Despite of the fact that occurrence of lightning
phenomenon has discussed in chapter 1 earlier, yet it still impotent of
explaining in detail about many of the basic concept of lightning stoke. Hence
this chapter presents a detailed literature review about modern day lightning
protection system. The objective of this chapter is to provide brief
explanation on the methods that have been using worldwide to protect the
structure and safety of occupants from lightning strikes. All the methods that
will be discuss in this section comply the IEC-62305 standards. The chapter also covers the placement of air terminals
and ground electrodes to provide less impedance path to discharge at ground.


2.2 Lightning Phenomena


As a matter of fact, it has been known for decades
about the conditions for event of lightning however the correct procedure of
lightning development has never been confirmed. There are a lot of myth and
misconceptions of lightning occurrence. Modern science have acknowledged
speculations are about partition of electric charge inside a cloud and creating
electric field. Moreover, recent researches prove that ice, hail and semi solidified
water drops also contribute during the formation of lightning. However, the
modern day science are still incapable of predicting the time and location the
lightning strike.




There is an unstable environment in a thunderstorm. When
there is a storm, solid updrafts and downdrafts frequently happened and
proximately near each other. The updrafts bring little fluid water beads from
the lower district of tempest up to stature of 70000 feet, far over the
solidifying level while downdrafts will cut down ice and hail from the upper
area of the tempest. The warmth discharging will happen when solidified water
droplets slam into hail and ice. The surface of hail will keep slightly hotter
than its encompassing condition because of the warmth and a delicate hail will be


At the point when the fragile hail crashes into ice
particles and water droplets, the electrons accumulate on the dropping
particles and shared off the climbing particles. From that point onward, a
thundercloud with positively charged at upper part and negatively charged at
bottom part was accumulate since the electrons bring negative charges.

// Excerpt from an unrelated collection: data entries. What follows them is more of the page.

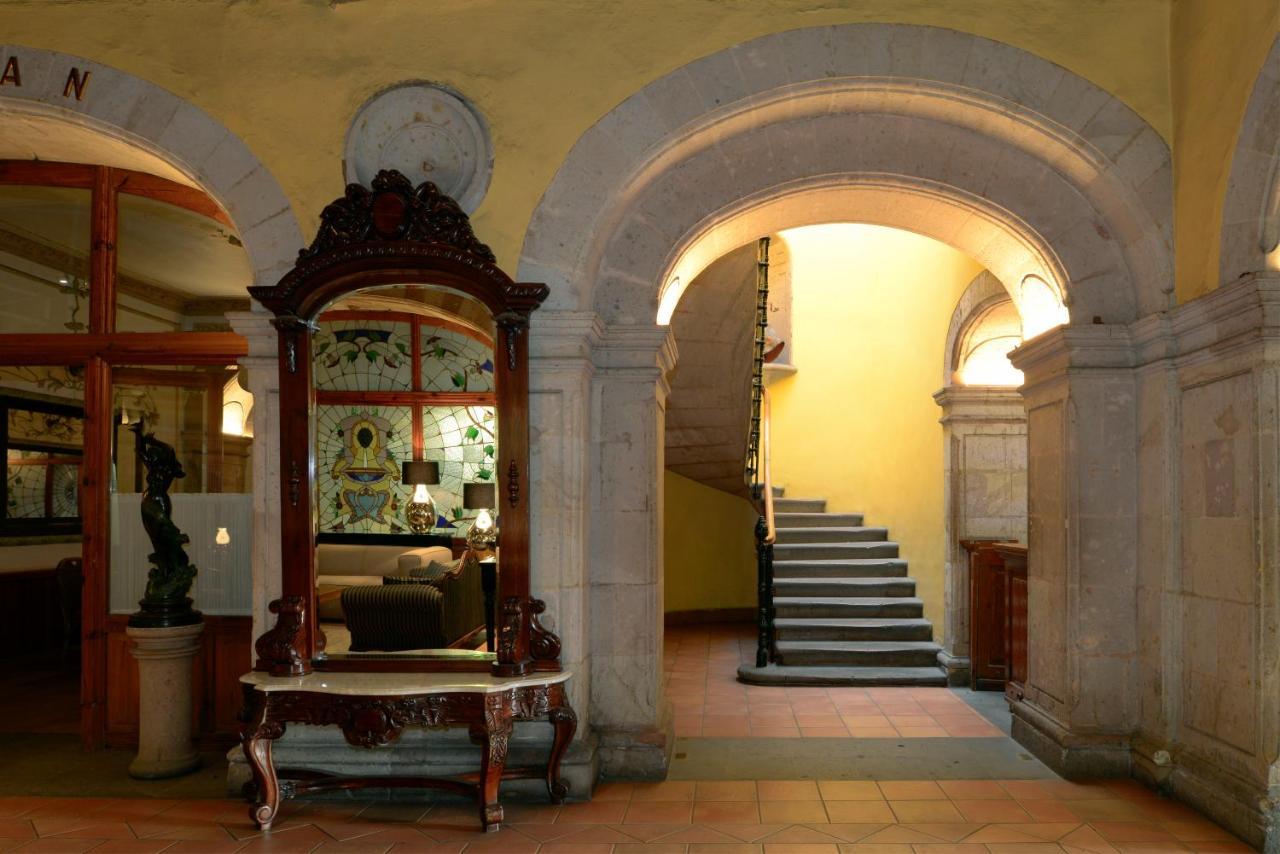 Hotel Los Juaninos Morelia Eksteriør bilde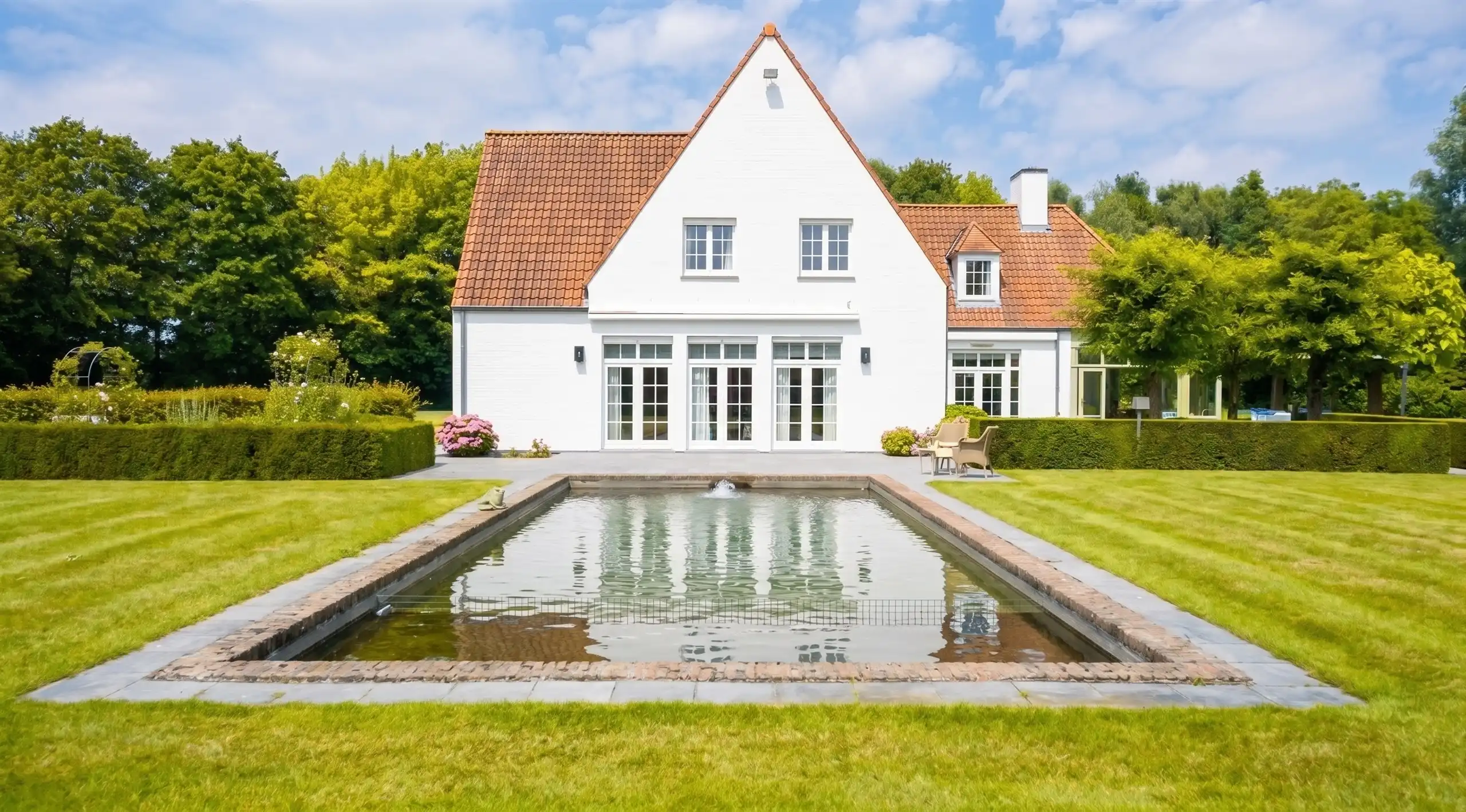 Zeldzaam landhuis op een exclusief domein van 2,4 Ha! foto 6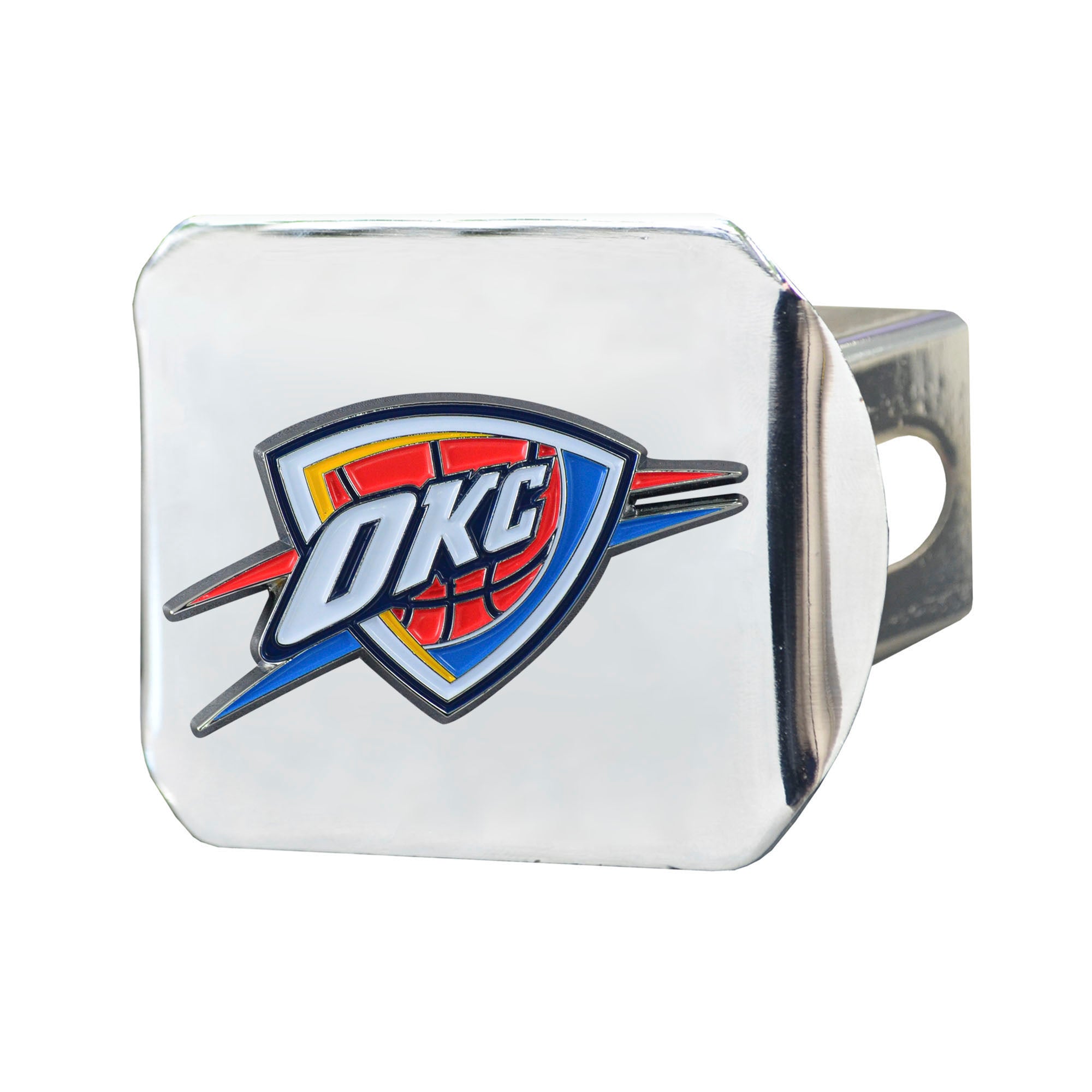 Oklahoma City Thunder Hitch Cover - 3D Color Emblem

From electricity perspective, the unlike charges will
pull in each other and minimize the insulation gap. An electric field will be
delivered between upper and lower portion of the thundercloud when the positive
and negative charges inside a same cloud start to separate. As the partition
separate between the two charges grows bigger, the electric field strength
increase gradually. In any case, a lot of charges are expected to form
lightning since atmospheric layer is a decent insulator which counteracts
stream of electric. Lightning will be form just if the quality of electric
field is adequate to overpower the insulation quality of atmospheric layer.


At the point when a thundercloud is moving, it will
gather another pool of molecule with positive charge along the ground that is
in its way of movement since the earth is positively charged. The height of
object from the earth surface influences the positive charge of the ground. The
structures with greater heights such as tall building and skyscrapers have more
positive charges.




Then, a channel of negative charge otherwise called
stepped leader will be formed from lower part of the thunderstorm toward the
ground. It advances toward the ground in a progression of quick advances that
happens so quick and not visible to human eyes. As stepped leader comprise of
negative charges approaches the earth, positive charges additionally accumulate
in the ground or in the any objects near to the ground.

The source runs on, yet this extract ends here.